🤖 AI Summary
This work addresses the high computational and memory overhead of self-attention in self-supervised speech models under low-resource conditions, where existing linear-complexity approaches struggle to effectively capture local contextual information. To this end, the authors propose Windowed SummaryMixing (WSM), a mechanism that integrates local neighborhood summaries alongside global utterance-level representations. Coupled with a selective fine-tuning strategy that updates only the WSM module parameters, the approach significantly enhances temporal modeling while preserving linear time complexity.
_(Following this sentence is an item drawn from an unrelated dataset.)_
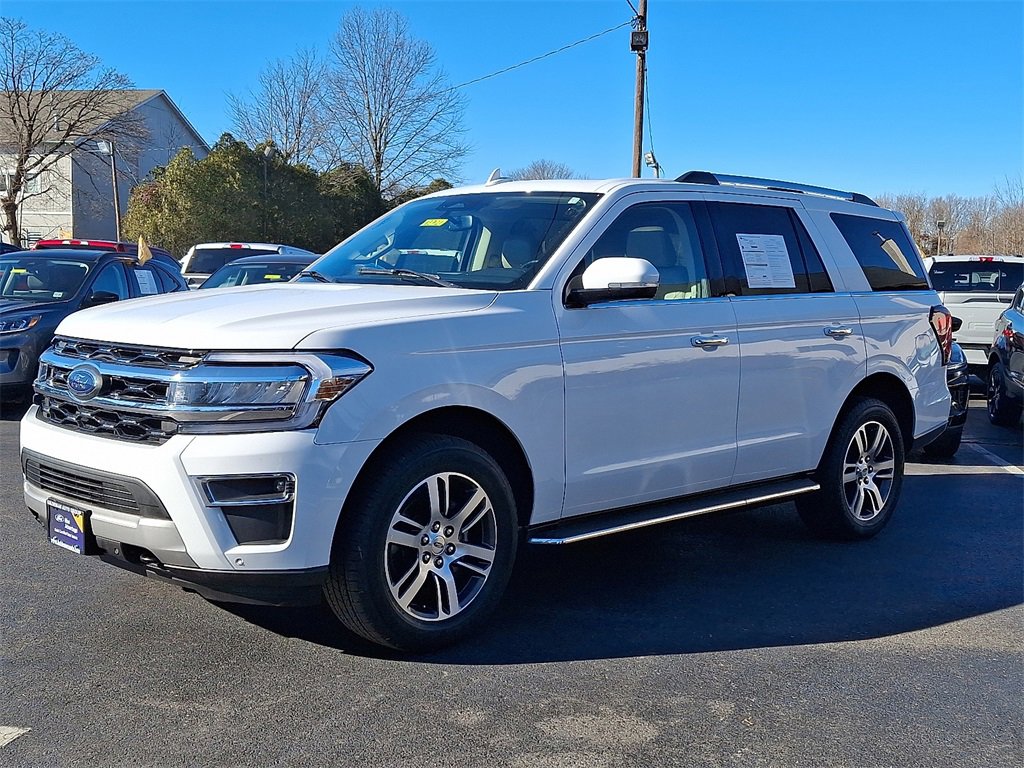 Certified 2023 Ford Expedition Limited image 3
Experimental results demonstrate that WSM improves recognition performance on low-resource automatic speech recognition (ASR) tasks and reduces peak GPU memory consumption by 40%, substantially lowering computational cost, memory footprint, and inference latency.
📝 Abstract
Self-supervised learning (SSL) has advanced speech processing but suffers from quadratic complexity due to self-attention. To address this, SummaryMixing (SM) has been proposed as a linear-time alternative that summarizes entire utterances using mean pooling but lacks sufficient local context. In this work, we introduce Windowed SummaryMixing (WSM), which enhances SM by integrating local neighborhood summaries alongside the global summary, maintaining efficiency while improving temporal dependencies. Additionally, we introduce a selective fine-tuning approach, replacing self-attention layers in SSL models with WSM blocks and fine-tuning only these blocks in low-resource settings. Our approach improves ASR performance while reducing peak VRAM usage by 40\% in the SSL models. WSM blocks have linear-time complexity with enhanced context awareness. Selectively replacing some attention layers reduces compute, memory, and latency, making it ideal for low-resource speech recognition.